A central challenge facing computer architects, compiler writers, and mere mortal programmers is to understand a program's dynamic behavior. Events that occur while a program runs are often elusive, but they provide a basis for understanding the program's behavior and improving its performance. Program paths or traces--sequences of consecutively executed basic blocks--offer one of the few clear windows into a program's dynamic behavior. Paths, unlike other techniques, such as profiles, capture aspects of a program's dynamic control flow, not just its aggregate behavior.

Paths, in fact, have long provided a unifying context for performance tuning. Programmers have improved the performance of large, complex systems, such as operating systems and databases, by identifying heavily executed paths and streamlining them into "fast paths." In compilers as well, trace scheduling and, more recently, path-based compilation demonstrate that program optimization can benefit from a focus on a program's dynamic control flow. Recently designed computer architectures have also directly exploited traces to enhance instruction caching and execution.
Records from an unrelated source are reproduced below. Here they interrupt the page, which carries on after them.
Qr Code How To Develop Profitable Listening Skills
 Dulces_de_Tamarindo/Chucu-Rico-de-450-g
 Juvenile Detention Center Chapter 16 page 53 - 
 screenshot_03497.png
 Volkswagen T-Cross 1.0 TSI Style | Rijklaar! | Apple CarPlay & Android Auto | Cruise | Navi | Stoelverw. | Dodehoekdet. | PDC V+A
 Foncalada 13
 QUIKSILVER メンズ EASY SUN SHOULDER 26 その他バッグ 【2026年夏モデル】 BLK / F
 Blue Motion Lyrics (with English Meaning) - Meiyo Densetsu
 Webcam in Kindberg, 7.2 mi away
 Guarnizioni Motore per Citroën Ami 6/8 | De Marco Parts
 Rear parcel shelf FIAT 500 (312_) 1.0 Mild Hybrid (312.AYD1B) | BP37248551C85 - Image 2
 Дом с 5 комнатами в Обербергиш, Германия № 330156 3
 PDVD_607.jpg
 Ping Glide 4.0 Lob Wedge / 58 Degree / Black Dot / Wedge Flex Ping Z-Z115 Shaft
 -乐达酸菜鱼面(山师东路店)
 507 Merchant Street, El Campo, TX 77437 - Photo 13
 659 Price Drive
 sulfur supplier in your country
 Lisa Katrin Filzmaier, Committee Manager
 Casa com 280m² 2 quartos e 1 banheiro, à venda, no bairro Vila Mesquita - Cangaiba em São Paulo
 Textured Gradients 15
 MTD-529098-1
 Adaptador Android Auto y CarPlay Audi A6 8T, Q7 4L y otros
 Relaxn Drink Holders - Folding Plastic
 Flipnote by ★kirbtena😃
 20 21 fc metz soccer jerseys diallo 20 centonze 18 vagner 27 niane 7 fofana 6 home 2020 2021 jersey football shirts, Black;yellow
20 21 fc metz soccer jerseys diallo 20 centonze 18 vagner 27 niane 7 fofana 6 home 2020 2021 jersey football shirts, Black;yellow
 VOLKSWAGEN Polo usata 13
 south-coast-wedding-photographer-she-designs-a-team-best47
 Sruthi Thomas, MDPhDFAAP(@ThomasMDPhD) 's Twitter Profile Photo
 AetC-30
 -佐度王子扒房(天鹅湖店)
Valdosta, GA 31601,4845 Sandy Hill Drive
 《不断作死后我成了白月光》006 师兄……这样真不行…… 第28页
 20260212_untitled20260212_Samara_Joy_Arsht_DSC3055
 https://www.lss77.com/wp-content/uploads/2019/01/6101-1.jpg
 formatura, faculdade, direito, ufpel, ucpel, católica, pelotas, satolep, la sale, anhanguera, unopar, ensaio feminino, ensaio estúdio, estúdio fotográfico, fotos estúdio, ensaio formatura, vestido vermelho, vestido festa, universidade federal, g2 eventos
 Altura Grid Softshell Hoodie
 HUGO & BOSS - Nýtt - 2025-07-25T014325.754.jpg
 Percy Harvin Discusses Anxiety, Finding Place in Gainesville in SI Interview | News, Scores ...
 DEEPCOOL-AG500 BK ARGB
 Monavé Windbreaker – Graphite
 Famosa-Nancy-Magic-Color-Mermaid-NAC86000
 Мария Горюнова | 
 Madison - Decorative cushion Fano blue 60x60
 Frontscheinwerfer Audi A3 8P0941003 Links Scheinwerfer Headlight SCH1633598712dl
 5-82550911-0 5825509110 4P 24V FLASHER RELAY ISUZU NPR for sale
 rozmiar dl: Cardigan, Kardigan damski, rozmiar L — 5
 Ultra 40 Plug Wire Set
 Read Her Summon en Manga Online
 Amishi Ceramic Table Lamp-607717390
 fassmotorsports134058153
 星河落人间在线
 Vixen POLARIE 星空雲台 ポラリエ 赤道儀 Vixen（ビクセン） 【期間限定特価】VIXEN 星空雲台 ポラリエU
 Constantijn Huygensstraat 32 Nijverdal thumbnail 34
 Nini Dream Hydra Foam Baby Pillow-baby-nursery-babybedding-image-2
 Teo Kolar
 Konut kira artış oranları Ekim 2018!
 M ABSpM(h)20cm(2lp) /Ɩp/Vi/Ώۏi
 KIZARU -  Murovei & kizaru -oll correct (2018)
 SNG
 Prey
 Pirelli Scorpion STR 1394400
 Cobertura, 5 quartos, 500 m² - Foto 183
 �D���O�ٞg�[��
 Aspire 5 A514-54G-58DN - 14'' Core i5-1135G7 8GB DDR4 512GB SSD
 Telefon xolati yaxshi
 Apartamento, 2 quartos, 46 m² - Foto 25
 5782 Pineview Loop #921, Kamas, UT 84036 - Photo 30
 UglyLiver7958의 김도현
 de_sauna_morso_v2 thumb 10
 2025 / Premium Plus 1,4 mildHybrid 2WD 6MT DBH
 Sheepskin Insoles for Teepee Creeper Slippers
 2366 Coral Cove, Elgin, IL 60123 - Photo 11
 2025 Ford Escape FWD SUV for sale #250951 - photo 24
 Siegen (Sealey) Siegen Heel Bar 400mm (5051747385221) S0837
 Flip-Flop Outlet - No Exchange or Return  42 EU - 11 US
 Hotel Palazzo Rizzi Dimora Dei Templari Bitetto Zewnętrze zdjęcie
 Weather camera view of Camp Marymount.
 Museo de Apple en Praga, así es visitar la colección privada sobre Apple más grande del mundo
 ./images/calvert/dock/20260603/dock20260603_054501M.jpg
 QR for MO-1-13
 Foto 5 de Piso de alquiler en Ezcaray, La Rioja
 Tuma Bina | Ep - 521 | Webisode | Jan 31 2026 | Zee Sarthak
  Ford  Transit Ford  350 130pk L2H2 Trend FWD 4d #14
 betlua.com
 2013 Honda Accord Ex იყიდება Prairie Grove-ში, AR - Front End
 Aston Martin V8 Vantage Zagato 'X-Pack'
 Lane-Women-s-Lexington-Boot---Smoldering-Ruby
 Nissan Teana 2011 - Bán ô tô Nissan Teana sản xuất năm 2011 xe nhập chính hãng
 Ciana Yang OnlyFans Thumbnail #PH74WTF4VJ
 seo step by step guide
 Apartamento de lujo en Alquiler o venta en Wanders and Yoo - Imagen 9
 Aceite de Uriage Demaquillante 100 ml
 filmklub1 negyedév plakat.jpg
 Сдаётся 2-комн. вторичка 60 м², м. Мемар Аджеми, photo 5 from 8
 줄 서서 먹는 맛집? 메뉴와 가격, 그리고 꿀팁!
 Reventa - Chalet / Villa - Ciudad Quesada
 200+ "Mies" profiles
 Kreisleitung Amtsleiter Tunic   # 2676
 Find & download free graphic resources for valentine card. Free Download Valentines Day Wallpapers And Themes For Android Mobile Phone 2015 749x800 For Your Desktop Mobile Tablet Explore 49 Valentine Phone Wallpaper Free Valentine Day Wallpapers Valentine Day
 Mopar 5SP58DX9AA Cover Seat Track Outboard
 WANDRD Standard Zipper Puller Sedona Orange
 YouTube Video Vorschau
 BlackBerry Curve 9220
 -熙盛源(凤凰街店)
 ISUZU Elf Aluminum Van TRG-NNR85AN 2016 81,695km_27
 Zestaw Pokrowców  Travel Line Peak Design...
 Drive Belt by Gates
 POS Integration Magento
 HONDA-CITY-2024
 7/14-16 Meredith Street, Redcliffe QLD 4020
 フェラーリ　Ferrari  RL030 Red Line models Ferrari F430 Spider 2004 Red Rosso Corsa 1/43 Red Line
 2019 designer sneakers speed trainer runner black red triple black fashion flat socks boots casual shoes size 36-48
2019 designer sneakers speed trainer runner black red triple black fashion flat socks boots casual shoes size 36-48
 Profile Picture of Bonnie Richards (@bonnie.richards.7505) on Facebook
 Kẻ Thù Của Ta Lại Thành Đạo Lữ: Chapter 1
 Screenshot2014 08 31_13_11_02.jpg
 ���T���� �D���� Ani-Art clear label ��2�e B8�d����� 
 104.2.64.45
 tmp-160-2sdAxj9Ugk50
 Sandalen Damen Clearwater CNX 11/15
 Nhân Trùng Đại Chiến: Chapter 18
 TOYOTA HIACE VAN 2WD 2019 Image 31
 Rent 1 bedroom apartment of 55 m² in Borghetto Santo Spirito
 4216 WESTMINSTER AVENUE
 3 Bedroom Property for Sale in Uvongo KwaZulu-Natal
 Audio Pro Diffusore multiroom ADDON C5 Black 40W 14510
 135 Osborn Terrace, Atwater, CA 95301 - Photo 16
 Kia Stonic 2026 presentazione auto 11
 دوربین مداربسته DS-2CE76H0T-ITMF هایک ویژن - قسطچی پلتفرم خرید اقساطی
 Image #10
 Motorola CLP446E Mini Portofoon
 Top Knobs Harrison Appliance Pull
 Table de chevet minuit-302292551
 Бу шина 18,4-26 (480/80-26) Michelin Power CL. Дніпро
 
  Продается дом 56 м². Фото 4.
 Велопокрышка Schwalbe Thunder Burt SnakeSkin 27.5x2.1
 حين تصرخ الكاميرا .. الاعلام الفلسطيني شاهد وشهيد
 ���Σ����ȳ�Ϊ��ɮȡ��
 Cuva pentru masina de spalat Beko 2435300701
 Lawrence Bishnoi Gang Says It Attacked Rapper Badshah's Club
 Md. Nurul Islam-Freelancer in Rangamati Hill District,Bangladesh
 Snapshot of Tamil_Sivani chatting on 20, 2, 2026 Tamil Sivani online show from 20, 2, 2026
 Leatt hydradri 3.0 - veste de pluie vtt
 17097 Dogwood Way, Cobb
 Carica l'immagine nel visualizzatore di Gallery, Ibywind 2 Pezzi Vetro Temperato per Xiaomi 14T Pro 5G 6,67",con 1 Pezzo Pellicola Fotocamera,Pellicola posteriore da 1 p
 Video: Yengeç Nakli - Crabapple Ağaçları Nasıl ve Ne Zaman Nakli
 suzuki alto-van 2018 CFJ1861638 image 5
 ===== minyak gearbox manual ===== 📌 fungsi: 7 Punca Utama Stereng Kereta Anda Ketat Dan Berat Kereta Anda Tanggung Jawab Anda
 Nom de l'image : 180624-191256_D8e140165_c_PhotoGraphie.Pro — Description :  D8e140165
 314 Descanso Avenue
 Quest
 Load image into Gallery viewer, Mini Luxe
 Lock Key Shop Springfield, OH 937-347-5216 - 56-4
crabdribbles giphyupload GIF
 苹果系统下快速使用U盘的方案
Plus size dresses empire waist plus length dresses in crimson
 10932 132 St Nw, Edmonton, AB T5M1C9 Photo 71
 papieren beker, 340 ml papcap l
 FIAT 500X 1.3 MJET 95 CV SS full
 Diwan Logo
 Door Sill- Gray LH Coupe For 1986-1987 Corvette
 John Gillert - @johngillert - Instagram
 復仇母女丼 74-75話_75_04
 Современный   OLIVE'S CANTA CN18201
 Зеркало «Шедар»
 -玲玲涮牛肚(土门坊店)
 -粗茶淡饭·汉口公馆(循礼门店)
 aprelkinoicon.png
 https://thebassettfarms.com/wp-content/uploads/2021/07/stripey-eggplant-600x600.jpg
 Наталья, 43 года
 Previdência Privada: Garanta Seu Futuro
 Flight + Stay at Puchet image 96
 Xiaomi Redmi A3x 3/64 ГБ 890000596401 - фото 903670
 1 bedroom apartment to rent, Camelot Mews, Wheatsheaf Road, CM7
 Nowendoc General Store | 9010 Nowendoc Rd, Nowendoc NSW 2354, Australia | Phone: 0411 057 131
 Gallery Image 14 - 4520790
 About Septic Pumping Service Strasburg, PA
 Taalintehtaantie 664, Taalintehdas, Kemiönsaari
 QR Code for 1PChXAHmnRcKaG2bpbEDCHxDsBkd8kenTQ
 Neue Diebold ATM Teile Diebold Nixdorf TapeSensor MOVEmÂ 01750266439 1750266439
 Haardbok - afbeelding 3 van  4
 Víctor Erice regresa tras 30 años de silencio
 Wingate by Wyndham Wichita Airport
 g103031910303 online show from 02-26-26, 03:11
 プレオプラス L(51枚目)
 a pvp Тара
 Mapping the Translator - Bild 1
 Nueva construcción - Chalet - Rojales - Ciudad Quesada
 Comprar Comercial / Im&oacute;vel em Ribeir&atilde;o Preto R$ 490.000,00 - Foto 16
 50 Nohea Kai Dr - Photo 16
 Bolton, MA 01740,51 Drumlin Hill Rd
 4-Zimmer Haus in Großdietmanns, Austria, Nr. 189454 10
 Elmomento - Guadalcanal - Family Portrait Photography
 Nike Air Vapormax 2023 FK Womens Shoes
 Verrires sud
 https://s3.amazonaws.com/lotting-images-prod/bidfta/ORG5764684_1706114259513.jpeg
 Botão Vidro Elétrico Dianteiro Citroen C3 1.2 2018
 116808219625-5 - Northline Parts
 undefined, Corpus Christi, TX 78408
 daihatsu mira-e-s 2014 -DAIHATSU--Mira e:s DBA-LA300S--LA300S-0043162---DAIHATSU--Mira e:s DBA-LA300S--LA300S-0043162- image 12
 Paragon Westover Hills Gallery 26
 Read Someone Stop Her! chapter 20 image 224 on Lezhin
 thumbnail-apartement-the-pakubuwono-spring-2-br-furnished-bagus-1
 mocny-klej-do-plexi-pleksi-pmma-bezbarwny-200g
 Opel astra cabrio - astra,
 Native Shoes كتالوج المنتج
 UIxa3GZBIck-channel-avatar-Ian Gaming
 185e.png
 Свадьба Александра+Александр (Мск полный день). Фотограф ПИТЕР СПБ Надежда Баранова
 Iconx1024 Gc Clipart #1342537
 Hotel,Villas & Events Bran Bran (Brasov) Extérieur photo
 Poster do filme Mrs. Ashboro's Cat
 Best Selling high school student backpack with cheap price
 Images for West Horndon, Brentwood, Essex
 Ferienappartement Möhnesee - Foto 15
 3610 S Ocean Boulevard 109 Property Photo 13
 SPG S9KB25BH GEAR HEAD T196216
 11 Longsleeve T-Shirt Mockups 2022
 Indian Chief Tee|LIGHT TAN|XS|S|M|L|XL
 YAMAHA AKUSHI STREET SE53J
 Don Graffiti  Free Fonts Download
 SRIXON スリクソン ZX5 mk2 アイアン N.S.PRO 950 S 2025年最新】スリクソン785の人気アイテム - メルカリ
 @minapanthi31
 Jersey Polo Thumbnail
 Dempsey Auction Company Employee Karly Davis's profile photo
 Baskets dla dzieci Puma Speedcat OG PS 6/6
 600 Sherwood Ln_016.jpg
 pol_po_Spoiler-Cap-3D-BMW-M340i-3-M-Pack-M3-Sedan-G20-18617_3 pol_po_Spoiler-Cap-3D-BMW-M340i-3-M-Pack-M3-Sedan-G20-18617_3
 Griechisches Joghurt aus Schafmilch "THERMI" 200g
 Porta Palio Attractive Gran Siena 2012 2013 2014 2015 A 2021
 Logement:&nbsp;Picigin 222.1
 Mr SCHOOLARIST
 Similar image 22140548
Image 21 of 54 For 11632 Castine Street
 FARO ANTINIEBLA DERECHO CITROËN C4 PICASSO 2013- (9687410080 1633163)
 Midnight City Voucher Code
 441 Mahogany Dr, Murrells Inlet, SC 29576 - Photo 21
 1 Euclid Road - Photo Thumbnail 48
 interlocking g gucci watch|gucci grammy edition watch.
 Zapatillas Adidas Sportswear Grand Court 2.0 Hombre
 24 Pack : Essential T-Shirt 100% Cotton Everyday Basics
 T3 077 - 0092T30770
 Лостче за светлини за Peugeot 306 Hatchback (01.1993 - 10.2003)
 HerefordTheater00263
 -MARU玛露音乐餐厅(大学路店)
This talk describes a new approach to measuring a program's control flow that captures a complete picture of the program's dynamic behavior. The technique introduces whole program paths (WPP), which are a complete, compact record of a program's entire control flow. A whole program path crosses both loop and procedure boundaries, and so provides a practical basis for interprocedural path profiling. This talk explains how to record a WPP, describes its representation, shows that this representation can be used to analyze program behavior, and demonstrates the technique's practicality on SPEC benchmarks and Microsoft application programs.

Speaker Bio

James Larus is currently a researcher at Microsoft Research starting a new group called Software Productivity Tools. Before that, he was a professor at the University of Wisconsin-Madison for 10 years. During that time, he applied programming language and compiler technology to a wide range of problems, most notably efficient program measurement and fine-grain distributed shared memory. His MS and PhD are from the University of California, Berkeley.